[What to do] Scan the records below for the line with "Nishat Linen |" and the line with "Za dječji krevet". Repeat those two lines and every line between them exactly, and nothing else.

-------------------------

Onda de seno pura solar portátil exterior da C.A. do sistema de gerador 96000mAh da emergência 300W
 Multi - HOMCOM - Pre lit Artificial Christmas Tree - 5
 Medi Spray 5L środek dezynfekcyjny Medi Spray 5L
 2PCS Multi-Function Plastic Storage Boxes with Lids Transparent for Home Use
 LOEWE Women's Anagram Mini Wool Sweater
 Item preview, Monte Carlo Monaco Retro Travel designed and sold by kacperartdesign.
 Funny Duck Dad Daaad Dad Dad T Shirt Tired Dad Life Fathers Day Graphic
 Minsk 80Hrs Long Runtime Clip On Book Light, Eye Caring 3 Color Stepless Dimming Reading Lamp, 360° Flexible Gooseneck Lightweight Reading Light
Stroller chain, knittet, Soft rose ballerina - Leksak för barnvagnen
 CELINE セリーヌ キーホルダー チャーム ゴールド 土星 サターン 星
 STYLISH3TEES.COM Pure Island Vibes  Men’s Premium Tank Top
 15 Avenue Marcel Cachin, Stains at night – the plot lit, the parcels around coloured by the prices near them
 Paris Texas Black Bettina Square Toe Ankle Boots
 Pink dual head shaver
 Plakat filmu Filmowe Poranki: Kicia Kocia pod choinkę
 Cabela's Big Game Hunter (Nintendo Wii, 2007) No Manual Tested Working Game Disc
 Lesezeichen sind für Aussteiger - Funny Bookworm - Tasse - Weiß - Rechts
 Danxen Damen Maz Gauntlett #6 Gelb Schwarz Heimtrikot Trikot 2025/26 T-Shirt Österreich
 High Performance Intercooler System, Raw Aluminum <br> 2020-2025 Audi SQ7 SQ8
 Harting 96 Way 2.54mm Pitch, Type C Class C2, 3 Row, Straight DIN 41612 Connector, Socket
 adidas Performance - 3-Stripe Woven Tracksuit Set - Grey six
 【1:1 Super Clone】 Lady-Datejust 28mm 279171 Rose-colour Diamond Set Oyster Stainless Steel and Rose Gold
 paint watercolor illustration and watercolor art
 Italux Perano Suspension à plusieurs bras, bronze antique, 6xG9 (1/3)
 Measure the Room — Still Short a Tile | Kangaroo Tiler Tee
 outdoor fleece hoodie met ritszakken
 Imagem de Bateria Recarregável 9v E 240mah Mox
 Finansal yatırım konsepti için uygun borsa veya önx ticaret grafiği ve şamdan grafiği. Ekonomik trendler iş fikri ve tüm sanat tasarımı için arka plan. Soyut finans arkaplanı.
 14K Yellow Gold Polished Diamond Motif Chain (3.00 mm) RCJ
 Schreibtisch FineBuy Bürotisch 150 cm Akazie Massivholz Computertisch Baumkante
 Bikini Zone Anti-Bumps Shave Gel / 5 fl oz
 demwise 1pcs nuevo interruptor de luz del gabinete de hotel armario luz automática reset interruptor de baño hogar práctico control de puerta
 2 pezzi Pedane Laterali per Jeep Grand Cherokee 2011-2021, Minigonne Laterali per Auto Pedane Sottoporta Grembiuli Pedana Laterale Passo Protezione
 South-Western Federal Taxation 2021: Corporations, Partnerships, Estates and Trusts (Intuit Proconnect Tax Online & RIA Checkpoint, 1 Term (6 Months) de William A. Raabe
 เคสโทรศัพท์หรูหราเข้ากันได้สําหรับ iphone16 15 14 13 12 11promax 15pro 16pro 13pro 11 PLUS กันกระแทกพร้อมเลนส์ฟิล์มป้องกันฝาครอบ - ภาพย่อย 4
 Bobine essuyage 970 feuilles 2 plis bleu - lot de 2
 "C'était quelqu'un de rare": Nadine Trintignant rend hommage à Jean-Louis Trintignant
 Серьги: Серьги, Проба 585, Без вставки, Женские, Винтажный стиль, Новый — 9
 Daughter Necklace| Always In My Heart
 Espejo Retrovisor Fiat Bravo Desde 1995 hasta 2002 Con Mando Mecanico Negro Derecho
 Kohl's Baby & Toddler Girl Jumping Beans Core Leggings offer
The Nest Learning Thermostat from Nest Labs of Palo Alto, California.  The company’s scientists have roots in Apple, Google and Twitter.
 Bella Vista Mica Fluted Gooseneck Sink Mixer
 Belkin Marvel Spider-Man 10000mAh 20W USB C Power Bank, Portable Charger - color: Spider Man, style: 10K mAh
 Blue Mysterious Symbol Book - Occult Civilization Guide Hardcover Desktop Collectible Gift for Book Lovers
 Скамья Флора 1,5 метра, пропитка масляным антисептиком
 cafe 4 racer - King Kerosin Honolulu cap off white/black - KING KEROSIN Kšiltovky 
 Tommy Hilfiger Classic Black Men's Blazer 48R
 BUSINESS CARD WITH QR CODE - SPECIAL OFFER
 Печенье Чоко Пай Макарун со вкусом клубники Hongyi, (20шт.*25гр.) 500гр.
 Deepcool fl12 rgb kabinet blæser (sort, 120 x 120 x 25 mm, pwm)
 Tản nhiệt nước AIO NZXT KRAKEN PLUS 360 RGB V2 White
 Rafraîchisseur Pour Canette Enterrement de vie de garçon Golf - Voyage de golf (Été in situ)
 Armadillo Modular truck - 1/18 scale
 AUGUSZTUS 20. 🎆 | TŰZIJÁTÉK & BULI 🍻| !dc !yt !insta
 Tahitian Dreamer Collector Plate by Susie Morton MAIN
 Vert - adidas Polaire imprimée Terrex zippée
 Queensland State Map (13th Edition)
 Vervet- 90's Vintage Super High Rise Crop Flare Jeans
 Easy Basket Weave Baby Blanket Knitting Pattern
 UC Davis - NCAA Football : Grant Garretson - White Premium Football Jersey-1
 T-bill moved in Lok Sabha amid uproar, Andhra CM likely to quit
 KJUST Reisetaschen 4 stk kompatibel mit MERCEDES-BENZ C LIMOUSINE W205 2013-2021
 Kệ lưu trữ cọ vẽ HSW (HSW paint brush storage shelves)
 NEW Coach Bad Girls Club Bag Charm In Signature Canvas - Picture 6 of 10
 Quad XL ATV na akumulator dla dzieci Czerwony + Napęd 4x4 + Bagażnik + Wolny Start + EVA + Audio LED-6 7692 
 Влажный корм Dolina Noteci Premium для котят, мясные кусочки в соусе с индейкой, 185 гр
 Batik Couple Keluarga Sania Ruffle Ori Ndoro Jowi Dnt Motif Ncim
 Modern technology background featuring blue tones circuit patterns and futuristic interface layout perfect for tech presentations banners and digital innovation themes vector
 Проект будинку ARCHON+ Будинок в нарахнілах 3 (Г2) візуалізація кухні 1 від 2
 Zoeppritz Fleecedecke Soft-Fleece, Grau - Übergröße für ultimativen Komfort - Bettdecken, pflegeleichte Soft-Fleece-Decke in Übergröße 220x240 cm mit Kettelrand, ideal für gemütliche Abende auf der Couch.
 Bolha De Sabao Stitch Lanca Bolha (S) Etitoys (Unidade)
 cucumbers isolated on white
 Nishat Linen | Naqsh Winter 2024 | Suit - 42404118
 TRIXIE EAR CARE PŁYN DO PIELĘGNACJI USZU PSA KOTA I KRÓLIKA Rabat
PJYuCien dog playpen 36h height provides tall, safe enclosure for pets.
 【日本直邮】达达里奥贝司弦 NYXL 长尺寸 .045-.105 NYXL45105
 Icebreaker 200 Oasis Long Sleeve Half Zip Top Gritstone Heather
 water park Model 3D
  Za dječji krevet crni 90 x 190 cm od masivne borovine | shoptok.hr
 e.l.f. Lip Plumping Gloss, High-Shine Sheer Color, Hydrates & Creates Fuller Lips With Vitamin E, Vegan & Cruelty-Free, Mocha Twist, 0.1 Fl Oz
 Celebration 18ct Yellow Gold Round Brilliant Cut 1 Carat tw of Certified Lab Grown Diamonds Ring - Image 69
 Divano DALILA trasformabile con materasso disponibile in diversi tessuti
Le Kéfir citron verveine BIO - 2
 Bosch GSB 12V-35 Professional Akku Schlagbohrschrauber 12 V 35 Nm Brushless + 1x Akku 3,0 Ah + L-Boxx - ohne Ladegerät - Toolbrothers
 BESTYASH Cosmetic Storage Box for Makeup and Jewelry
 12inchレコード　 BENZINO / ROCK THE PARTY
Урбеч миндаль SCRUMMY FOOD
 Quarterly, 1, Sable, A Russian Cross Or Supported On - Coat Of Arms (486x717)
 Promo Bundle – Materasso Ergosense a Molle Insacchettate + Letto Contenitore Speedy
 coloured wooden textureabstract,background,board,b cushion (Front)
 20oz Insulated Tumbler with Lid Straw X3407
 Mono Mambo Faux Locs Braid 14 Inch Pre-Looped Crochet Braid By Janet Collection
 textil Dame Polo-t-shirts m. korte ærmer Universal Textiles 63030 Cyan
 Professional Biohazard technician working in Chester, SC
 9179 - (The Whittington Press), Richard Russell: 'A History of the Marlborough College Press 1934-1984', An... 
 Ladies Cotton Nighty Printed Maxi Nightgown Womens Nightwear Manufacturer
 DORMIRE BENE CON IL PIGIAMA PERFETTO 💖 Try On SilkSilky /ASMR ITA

-------------------------

[Result of the exercise]
 Nishat Linen | Naqsh Winter 2024 | Suit - 42404118
 TRIXIE EAR CARE PŁYN DO PIELĘGNACJI USZU PSA KOTA I KRÓLIKA Rabat
PJYuCien dog playpen 36h height provides tall, safe enclosure for pets.
 【日本直邮】达达里奥贝司弦 NYXL 长尺寸 .045-.105 NYXL45105
 Icebreaker 200 Oasis Long Sleeve Half Zip Top Gritstone Heather
 water park Model 3D
  Za dječji krevet crni 90 x 190 cm od masivne borovine | shoptok.hr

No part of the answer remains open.